From: Web Usability <rhudson@usability.com.au>
Date: Mon, 19 Dec 2005 17:02:56 +1100
To: "Public-Comments-Wcag20" <public-comments-wcag20@w3.org>
Message-ID: <GGEEINFOLDEIIBPBECEMKEBLCGAA.rhudson@usability.com.au>

Hi Working Group

Some comments of SC 3.1.5 follows:

Regards

Roger Hudson

Comments on the needs of people with cognitive disabilities and learning
difficulties and Success Criterion 3.1.5:

In my opinion, the needs of people with cognitive disabilities and learning
difficulties were never adequately addressed in WCAG 1.0, however the
situation does not appear to be improved with WCAG 2.0 and may even be
worse. Certainly a range of issues that could impact on the ability of
someone with cognitive disabilities to use a website are considered in WCAG
2.0 Guidelines 2.2 and 2.4, but the main issues relating to cognitive
disabilities and learning difficulties appear to be covered in Guidelines
3.1 and 3.2.

I am particularly concerned that WCAG 2.0 does not appear to contain an
adequate replacement for the WCAG 1.0, Checkpoint 14.1, “Use the clearest
and simplest language appropriate for a site’s content (Priority 1)”.  WCAG
2.0, Success Criterion 3.1.5 is probably the nearest equivalent:

Start Quote:
“3.1.5 When text requires reading ability more advanced than the lower
secondary education level, one or more of the following types of
supplemental content is available: (Level 3)
1.	A text summary that requires reading ability less advanced than the lower
secondary education level.
2.	Graphical illustrations of concepts or processes that must be understood
in order to use the content.
3.	A spoken version of the text content.”
End Quote.

I have two main concerns with 3.1.5:
	First, the nominated Success Criterion is Level 3, which suggests that it
is only necessary to “achieve additional accessibility enhancements” and
does not need to apply to all Web resources (without any indication of the
resources it should apply to).
	Second, 3.1.5 concentrates solely on a persons reading ability, which is
only one of the determining factors that can influence how well different
people with cognitive disabilities or learning difficulties are able to
understand a document. For example, what about people who can read well but
have considerable difficulty negotiating a complex text-type or
comprehending what is written? Or, the additional burden fully justified
text and the use of long line lengths can place on many people with reading
difficulties?

The “Understanding WCAG 2.0 (Working Draft 23 November 2005)” document
provides the following advice relating to 3.1.5:

Start quote:
“The intent of this success criterion is:
	To ensure that additional content is available to aid understanding of
difficult or complex text;
	to establish a testable measure indicating when such additional content is
required.

This success criterion helps people with reading disabilities while also
allowing authors to publish difficult or complex Web content. Text
difficulty is described in terms of the level of education required to read
the text. Education levels are defined according to the International
Standard Classification of Education (UNESCO 1975, 1997), which was created
to allow international comparison among systems of education.
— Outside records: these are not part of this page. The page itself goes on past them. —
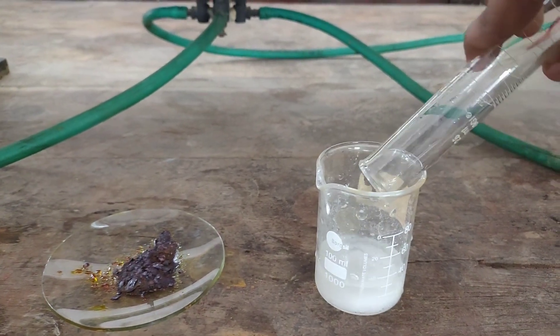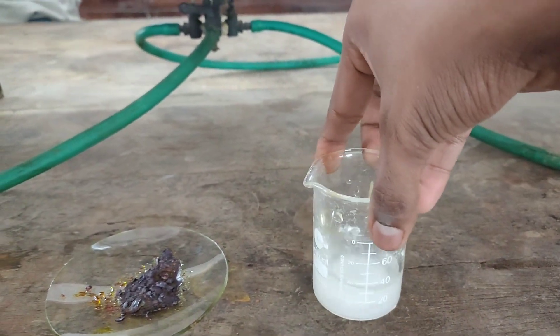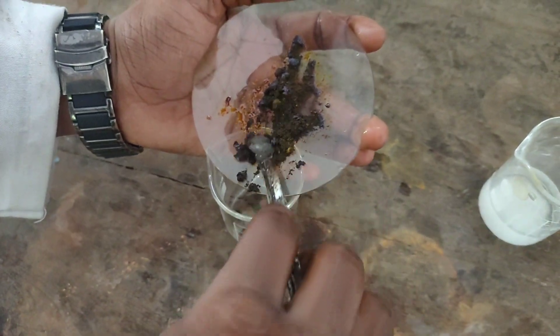15 ml of distilled water was added to potassium oxalate. The ferric chloride was added to a beaker and it was dissolved in a minimum amount of distilled water.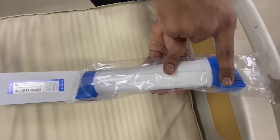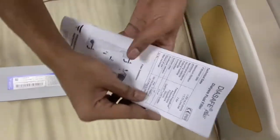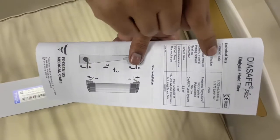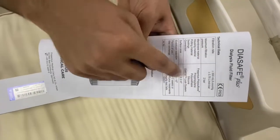It has only two ports: one for inlet and one for outlet. If we look at the details, the membrane is made up of polysulfone and the outer part is made up of polypropylene.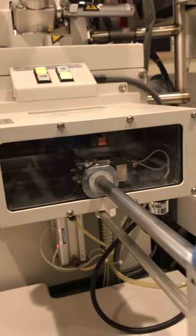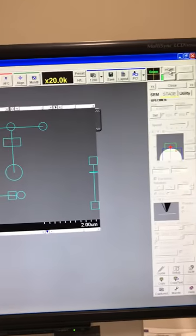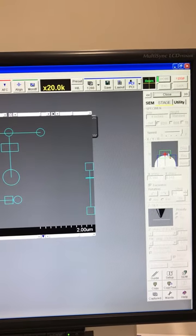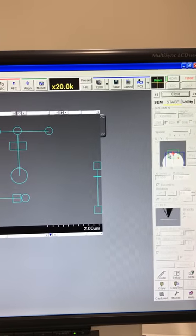Unlock the rod and pull it back — the sample now stays inside. Close the door. On the screen, press the Home button and the sample will move to exactly the center of the screen. That's how you load your sample into the microscope.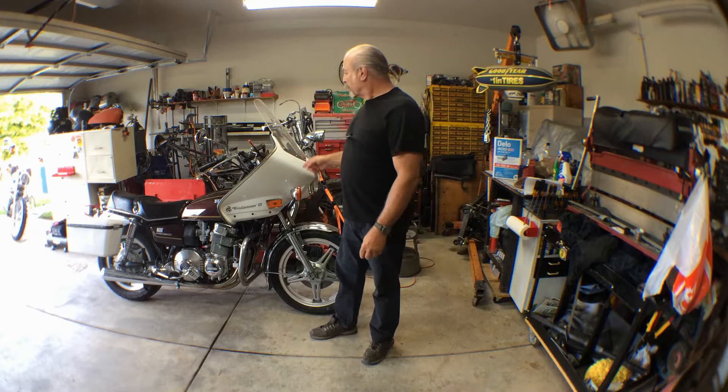Hi, I'm Alan, and today I'd like to present to you my 1978 Honda CB750A Hondamatic.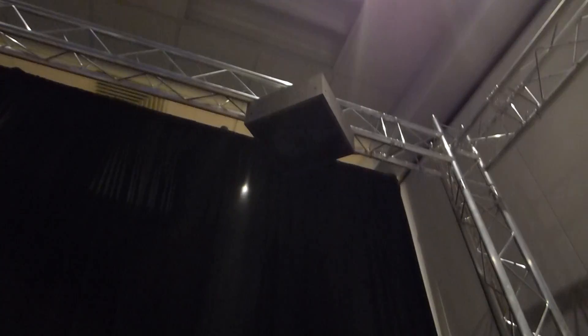That means we use nine main speakers around, six woofers, and four height cams, which are right there.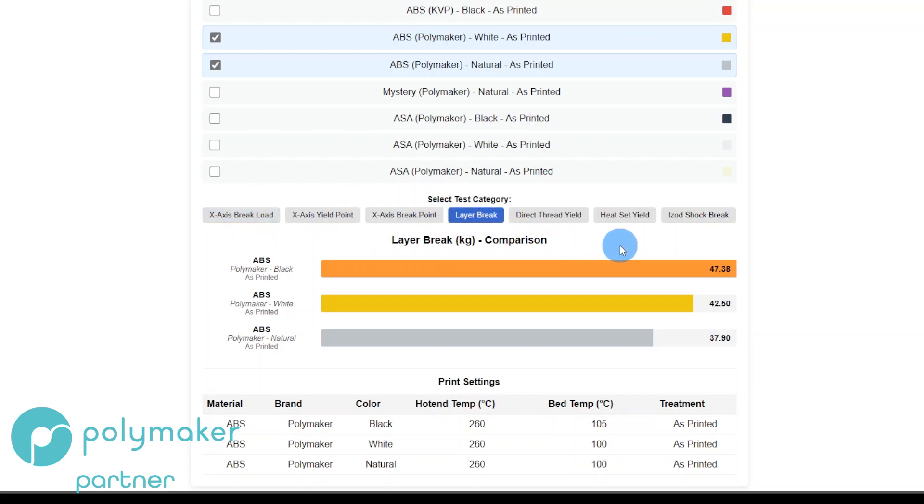Black is the strongest, Natural is the weakest. The direct thread yield is an M3 screw threaded four millimeters into the test piece, then pulled until it yields. Black was the strongest, White was the weakest, and Natural was middle of the road. But honestly, from 40 to 44 kilograms of force — is it within the margin of error? I don't have that set up on my standards.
Difficult or complex text may be appropriate for most members of the
intended audience (that is, most of the people for whom the content has been
created). But there are people with disabilities, including reading
disabilities, even among highly educated users with specialized knowledge of
the subject matter. It may be possible to accommodate these users by making
the text more readable. If the text cannot be made more readable, then
supplemental content is needed.”
End quote.

>From the “Understanding WCAG 2.0” document, it appears that when deciding
whether or not supplementary content needs to be provided under Guideline
3.1.5, web authors and developers should use Level 2 of the International
Standard Classification of Education as the yardstick. However, I am not
aware where in Level 2 of ISCE, specific reference is made to readability or
comprehension of a document or how these should be determined. It is my
understanding the International Standard Classification of Education is
primarily concerned with providing a framework for the collection and
reporting of internationally comparable education statistics and not with
how the educational (or reading) abilities of individuals should be
determined or accommodated.

The second point relating to the intention of success criterion 3.1.5 is “to
establish a testable measure indicating when such additional content is
required”. Where in Level 2 of the International Standard Classification of
Education is there a testable measure that can be used to determine the
readability of a document? In order to comply with this success criterion,
are the web authors required to familiarise themselves with the educational
systems and criteria of all the countries with people who may want to access
the site?

In the case of WCAG 2.0, Success Criterion 3.1.5, the strive for testability
may ultimately undermine the overall intention of making text content
readable and understandable to the widest possible audience. Is it too
cynical to suggest that this is why the need to ensure documents can be
understood is now a Level 3 Success Criterion and so will be easier to
ignore.

I strongly urge the WCAG 2.0 Working Group to reconsider the needs of people
with cognitive disabilities and learning difficulties. In particular, to
redefine what determines Level 1 Success Criterion so that the need for
documents to be clear and simple so that they may be more easily understood
is a requirement for Level 1 conformance. Also, if WCAG 3.1.5 is intended to
be testable, the Working Group should ensure the inclusion of advice on the
overall aim and intention of the testing process and how it could be done.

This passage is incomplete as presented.